夢かよふ

古典文学大好きな国語教師が、日々の悪戦苦闘ぶりと雑感を紹介しています。

N・ヒル著『悪魔を出し抜け!』

2014-02-28 22:28:40 | N・ヒル『仕事の流儀』
N・ヒル博士著『仕事の流儀』については、現在記事の配信が止まっているのだが、近刊『悪魔を出し抜け!』を最近読む機会があった。
長年、カーネギーやエジソン、フォードといった成功者にインタビューを続け、成功哲学の第一人者となったN・ヒル博士が悪魔との対話(現実か虚構か、実際のところはわからない)を通して、人間世界を支配する「大自然の法則」を発見するに至る書物である。

この書は、1938年にヒル博士が原稿を完成させていながら(“Outwitting the Devill”)、その後親族の意向により、72年間もの間隠されてきた。学校教育や教会を批判した部分があることや、本の中に悪魔が登場することが既成宗教の攻撃を招く危険を顧慮したのである。しかし、当時を知る関係者がほぼ亡くなっていることから、ナポレオン・ヒル財団が2011年にこの書を公刊し、わが国では昨年11月に邦訳が出た(田中孝顕訳、きこ書房)。店頭に並ぶと同時に購入したのだが、なかなか読むことができず、昨日ようやく読み終わった。

ヒル博士と悪魔との対話で、特に印象に残ったのは次のくだり。

悪魔 私は自分の主張を変えるつもりはない。人間の最大の義務は自分自身に対する義務なのだ。
博士 子どもは自分を生んで育ててくれた親に対し何らかの義務があるのではないでしょうか?
悪魔 そんな義務はまったくない。むしろその逆だ。親は子供に対して、自分の持っている知識をすべて与えるという義務を負っている。さらに言えば、子供を助けるどころか、反対にダメにしている親が多すぎる。彼らは義務という言葉の意味をはき違え、子供たちを甘やかしてばかりいる。本当は、子供たちが自力で知識を得るよう仕向けなくてはならないのだ。
博士 なるほど。

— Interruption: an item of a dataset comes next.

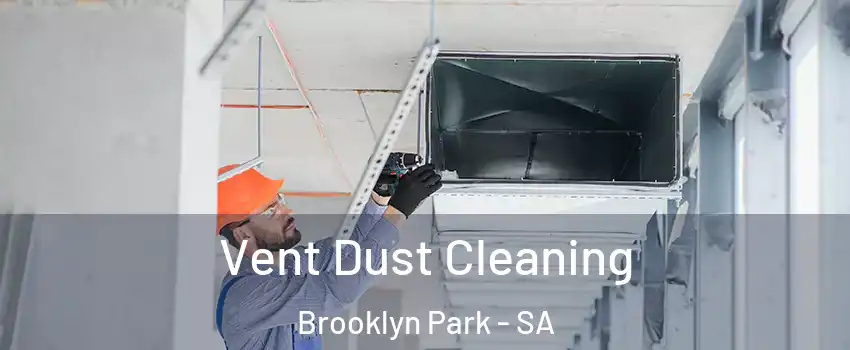 Vent Dust Cleaning Brooklyn Park - SA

つまり、子供に手助けしすぎることは、かえってその子たちを「流される」習慣に導き、何事にも明確でいられないようにさせてしまう、それがあなたの理論なのですね。子供たちに必要なのは、失敗はそれに見合うだけの成功の種を含んでおり、労せずして得たものはどんなものでも、恵みどころかむしろ禍をもたらす、そういう偉大な知恵を持った教師なのだ、そうあなたは信じているのですね。それで間違いありませんか?

ヒル博士は、この書を通じて、「願いは心に強く念じることで現実のものとなる」と主張し、我々が自分の頭で考え、明確な目標と計画をもって実行し、遂行すべきことを強調している。習慣を味方につけ、ヒプノティック・リズム(催眠術のように、我々の肉体的・精神的な習慣を永続的に固定化する、一種の自然法則のようなもの)に無意識に支配されるのでなく、意識して肯定的に使うようにすることは、難しいかもしれないが(ヒル博士は100人に2人としている)、成功者とそうでない者を分ける点は、実にここに存するのだと。

ヒル博士が言うように、失敗を成功に変えるという、「賢者の石」は存在しない。
「自分の頭の中を支配している思考は、その思考の性質に従って少しずつ組み合わされ、自分の欲しいもの、あるいは本当は欲しくないものに姿を変えていく。成功や失敗とは、そういう日々の小さな変化が積み重なった結果なのだ。」

この本を読みながら、自分の過去の成功も失敗も、何に起因していたのか、今にしてその源をたどることができたことも多い。
この本にもっと早く出会えていたら、と思うと、なんだかとても悔しい気もする一冊である。